As illustrated in Figure 20, which shows the spatial distribution of housing across the peri-urban region, the scattered nature of these developments highlights the urgency of strengthening spatial planning controls. Without more effective land-use governance, leapfrog development is likely to persist, undermining efforts toward compact, sustainable, and infrastructure-efficient urban expansion.
A parallel phenomenon was observed in West Surabaya, where unchecked outlying residential development transformed farmland into elite housing, triggering urban sprawl. Consequences included diminished water catchment areas, flooding, traffic congestion, noise, and air pollution, compounded by rising land demand and dense settlements at the municipality’s fringe [52]. The prevalence of outlying development (LEI = 0) in the peri-urban areas of Malang Municipality is largely associated with the proliferation of developer-led housing clusters, which are typically separated from the main urban core by agricultural or forested land. This finding is in line with [53], reporting leapfrog development in Ho Chi Minh City, which occurred near major infrastructure corridors and new industrial zones. However, unlike the informal sprawl patterns observed in cities such as Hanoi or Bahir Dar, most outlying settlements in Malang were found to be formally constructed residential estates.
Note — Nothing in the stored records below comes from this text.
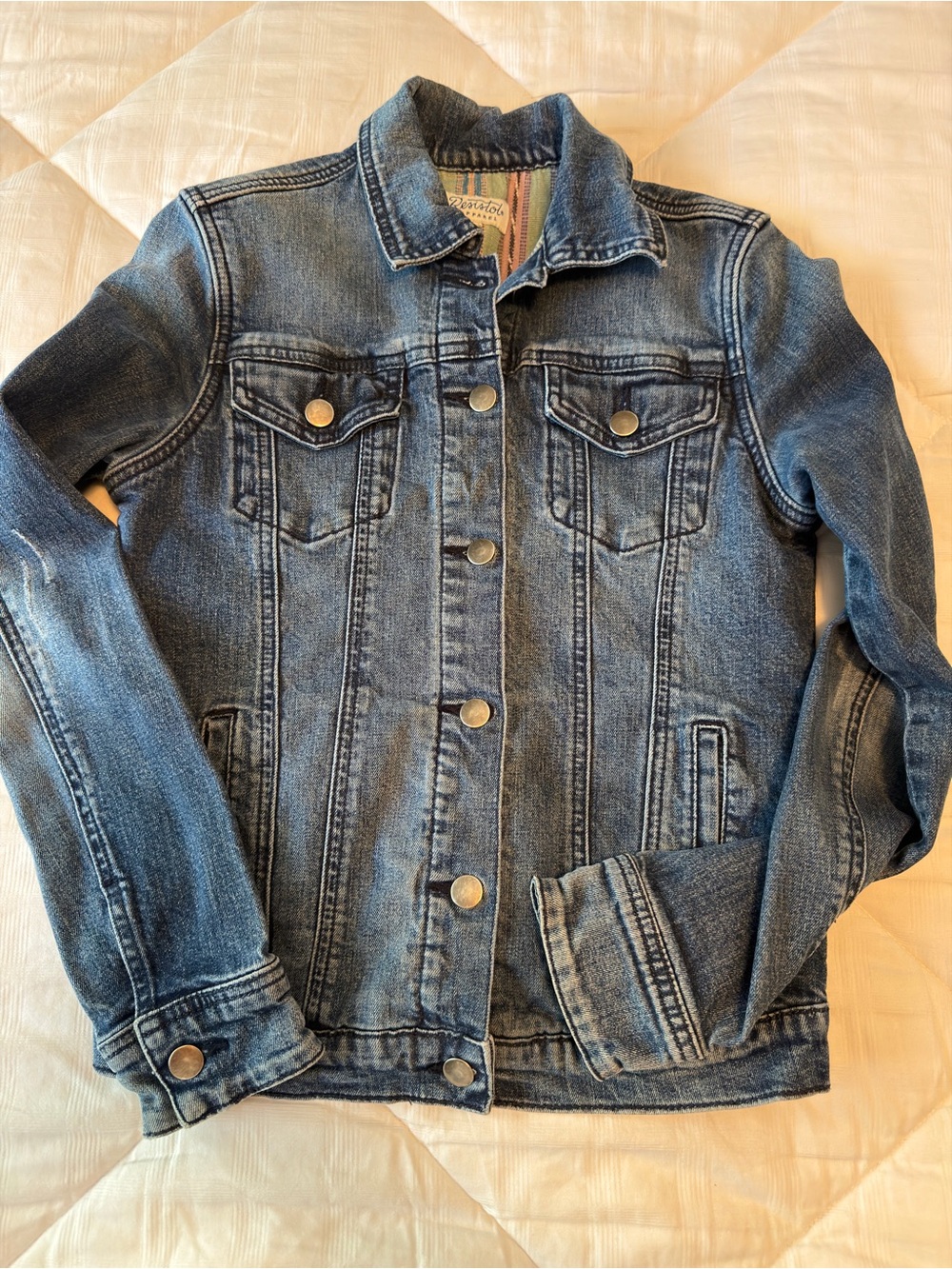 Resistol Apparel Western Denim Jacket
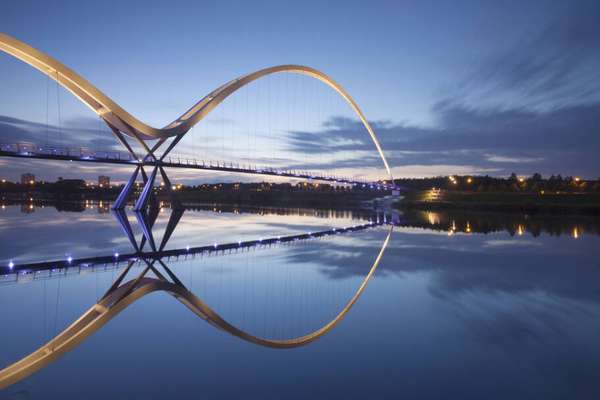 Infinity Bridge, Stockton-on-Tees, Reino Unido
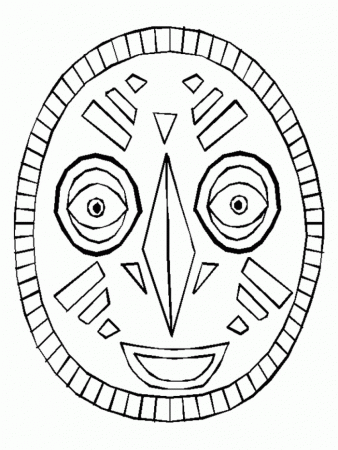 African Masks Coloring Pages | 99coloring.com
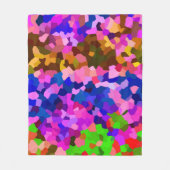 Abstracte kristallijne levendige mozaïekpatroon fleece deken (Voorkant)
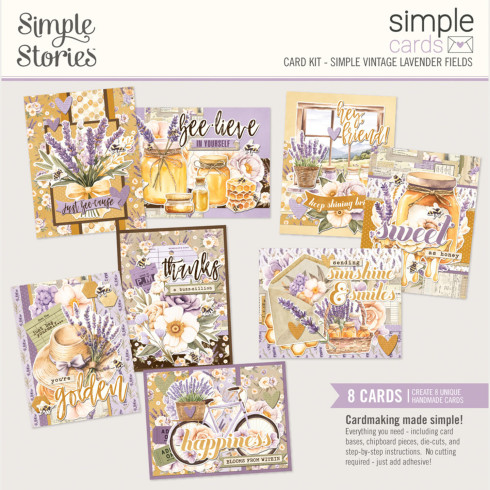Simple Stories - Simple Cards Kit "Simple Vintage Lavender Fields"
These developments reflect planned but spatially detached urban expansion driven by land price disparities and speculative investments near future infrastructure projects.

4. Discussion

Based on land cover change data from 2004 to 2024, the peri-urban area of Malang Municipality has experienced rapid growth in built-up areas, increasing from 1825.87 ha (4%) to 8017.22 ha (15.39%). This increase reflects high urbanization pressure over the past two decades. The most rapid growth occurred in Singosari, Pakis, and Karangploso Districts, which are also the main centers of municipality expansion. Conversely, Tajinan and Tumpang Districts showed slower growth. Although all regions experienced an increase in built-up areas, the growth rate was uneven.
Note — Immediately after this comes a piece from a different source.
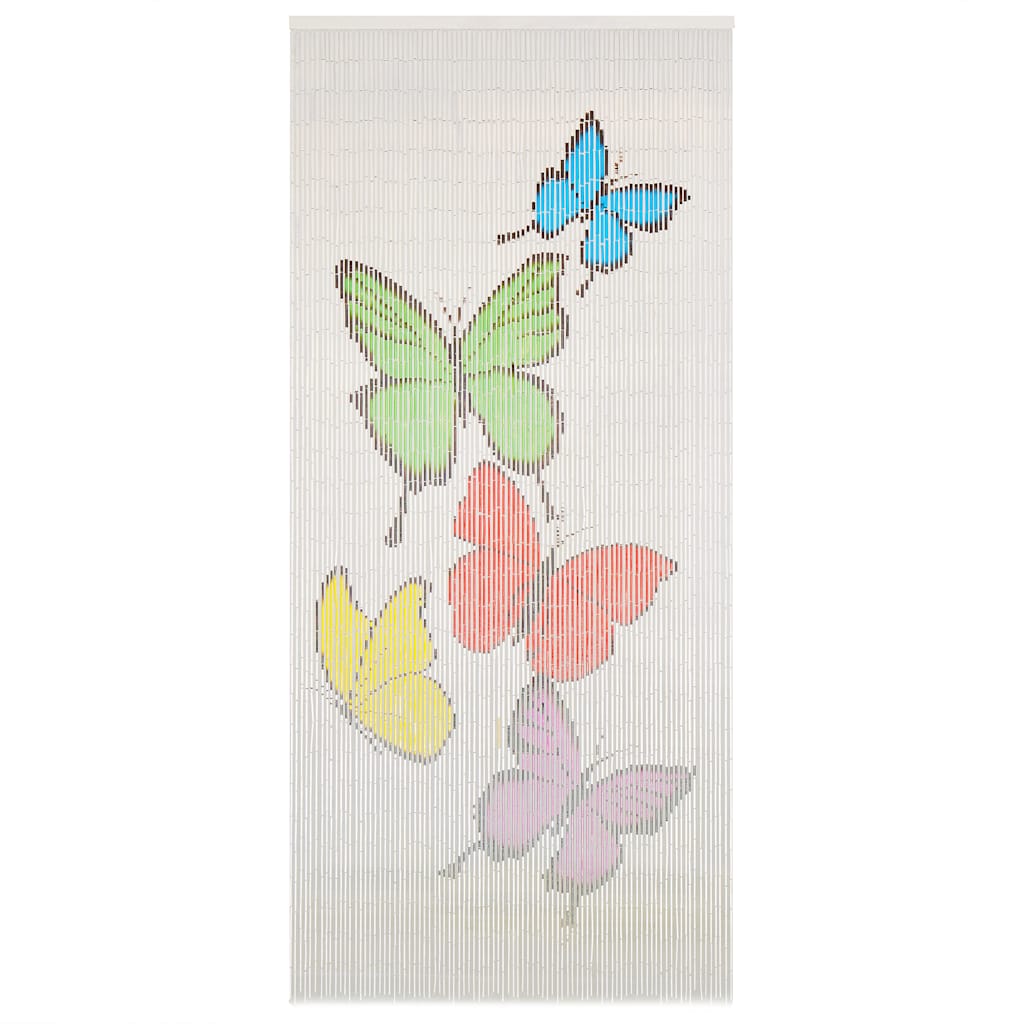 Vidaxx rideau anti-mouches 90x200 cm bambou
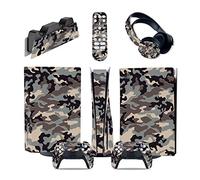 Protettivo 02775 Per PS5 Console Disc Edition & Digital Edition Sticker Vinyl Decal Cover Per Ps5 Controller & Charging Station & Headset & Media Remote Senza Bolle E Senza Residui(Disc Version)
Urban sprawl has become a pressing global concern, especially in developing countries, where rapid population growth, fragmented spatial planning, and socio-economic disparities often drive low-density urban expansion. A global study by Behnisch et al. [54] found that regions in Southeast Asia and West Africa have experienced the most significant increases in sprawl since 1990, closely associated with accelerated urban transitions and weak spatial governance. These global patterns are echoed in Malang Municipality, where land conversion pressure remains high and poses a serious challenge to sustainable land-use and spatial planning.
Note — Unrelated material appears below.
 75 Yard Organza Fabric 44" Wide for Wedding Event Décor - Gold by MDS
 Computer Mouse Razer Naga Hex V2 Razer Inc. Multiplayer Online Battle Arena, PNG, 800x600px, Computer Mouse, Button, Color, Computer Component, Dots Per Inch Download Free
The expansion of built-up areas in Malang Municipality’s peri-urban region from 2004 to 2024 demonstrates significant but uneven growth across districts. The most rapid increases occurred in Singosari, Pakis, and Karangploso, indicating their emergence as new peri-urban growth centers. This expansion is largely driven by the proximity to major urban functions such as higher education institutions, tourism destinations (especially in nearby Batu City), and clusters of retail and service activities. The development pattern follows a ribbon-like form, with built-up areas spreading along main transportation corridors, supported by improved infrastructure and accessibility. Northern peri-urban areas tend to grow more compactly due to better access to urban services, while southern areas remain more dispersed. These patterns highlight the need for balanced spatial planning to manage growth pressures, reduce spatial disparities, and support sustainable urban development in Malang’s peri-urban region. These spatial dynamics reflect similar findings in other urban regions, such as peri-urban Cairo [34], where accessibility, infrastructure, and land value significantly influence urban expansion.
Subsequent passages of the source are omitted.